With all of this being said, the DH is going to be very beneficial for almost every team in MLB. Specifically for the Nats as they’ll now have the ability to get Juan Soto off of his feet for a game or two a week but still keep his bat in the lineup. Keeping that in mind, and also keeping in mind that the Nats could potentially use Riley Adams and Yadiel Hernandez (as Allison touched on) at DH a game or two a week, the Nats might just be searching for someone to DH 3-4 games a week. For that reason, they might be looking for someone who also has the ability to play in the field. As much as I’d love to add Nelson Cruz’s bat to the lineup, it’s just not happening, so below are a couple of players who fit the mold of what the Nats might be looking for:
I’ll start with the two main reasons this is unlikely to happen: 1) McCutchen will likely be looking to join a contender and 2) the Nats will likely be unwilling to pay his asking price. Having gotten that out of the way, he’d be an absolutely great addition. He’s still getting on base at a solid clip and showed he still has some pop in his bat after hitting 27 home runs last year for the Phillies. McCutchen’s defense on the other hand has bottomed out. He was in the 12th percentile last year in OAA. He can certainly still play the outfield, but at this point in his career, he’s probably better suited as a DH/4th outfielder. He’d be a great mentor to Victor Robles and Lane Thomas, and potentially a great trade chip at the trade deadline. There are a lot worse options out there than having Andrew McCutchen in your lineup 4-5 times a week.

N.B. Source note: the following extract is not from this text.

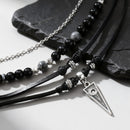 Black beaded necklaces with leather straps and silver pendants on a dark stone surface, Obroi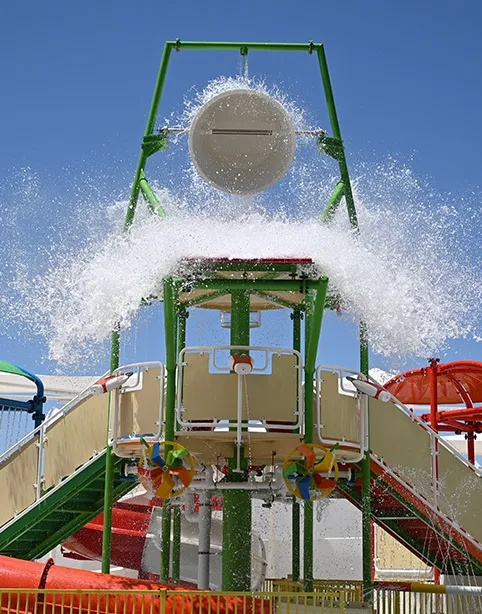 A giant bucket tipping water over the splash park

This one has Mike Rizzo written all over it if you ask me. Davis hit 48 home runs as recently as 2018. He’s a poor man’s Adam Dunn. I say poor man’s Adam Dunn because while he has Dunn’s power, he doesn’t have Dunn’s eye. Dunn was able to take his walks, while Davis is not. Davis slugged .549 in 2018 and only had an .874 OPS because of just a .326 OBP. Davis, like Dunn, isn’t a very good fielder, but he can play left field in a pinch. He’s coming off of two sub-par seasons where he posted a .632 OPS in 2020 and then .635 OPS in 2021, which means he’d likely come pretty cheap. The power potential is there though, and as far as cheap options that could pay-off, Davis fits the bill.
Speaking of power, Vogelbach is another free agent who can absolutely mash the ball. Vogelbach is probably a bit more valuable than Davis because he takes his walks and can get on base. Vogelbach’s primary position is first base though, which the Nats seem set at with Josh Bell and either Ryan Zimmerman or Riley Adams backing him up. Should Zimmerman decide not to come back, adding Vogelbach probably makes a bit more sense since there would be some additional playing time for him at first base. Vogelbach is another bat with 30+ home run potential, which was on full display in Seattle in 2019. He’s coming off a season with Milwaukee where his power numbers dipped a bit. In 2021, his HR% was at a career low 3.5%, which is down from his career average of 4.5%. On a positive note, he walked in a career high 16.7% of his at bats last year, so he was still getting on base at a fairly good clip. Adding power and a guy who can get on base to your lineup is never a bad thing.
This is an interesting one mainly because the Nats have already signed Castillo to a minor-league contract. Castillo, who’s now 34 years old, was once a top prospect in the Red Sox organization after signing a 7-year $72.5 million contract. Castillo is a bit different from the other players listed here because he’s actually a solid defender, so the question is whether or not he can hit. He only has 337 major league plate appearances under his belt, but he posted just a .679 OPS in those plate appearances. In 2019, his final year in the Red Sox organization, he posted a .769 OPS with 17 home runs in AAA. Prior to that, he posted a .857 OPS in 2017 and a .776 OPS in 2018. He doesn’t have the “prototypical” DH bat, but I think he’s worth mentioning because he’s already in the organization, and he can provide some value on the defensive end as well.
There are fairly cheap options out there for the Nats to pursue if they decide to look externally for a DH. The DH should really make clubs (including the Nats) think long and hard about adding a big time bat to their lineup. It doesn’t sound like the Nats will go this route this offseason, but adding a Kyle Schwarber or Carlos Correa carries a bit less risk with the DH in play since you don’t have to worry about how they’ll age in the field going forward. The age of the universal DH is about to officially be upon us, now it’ll be interesting to see how the Nats decide to fill it.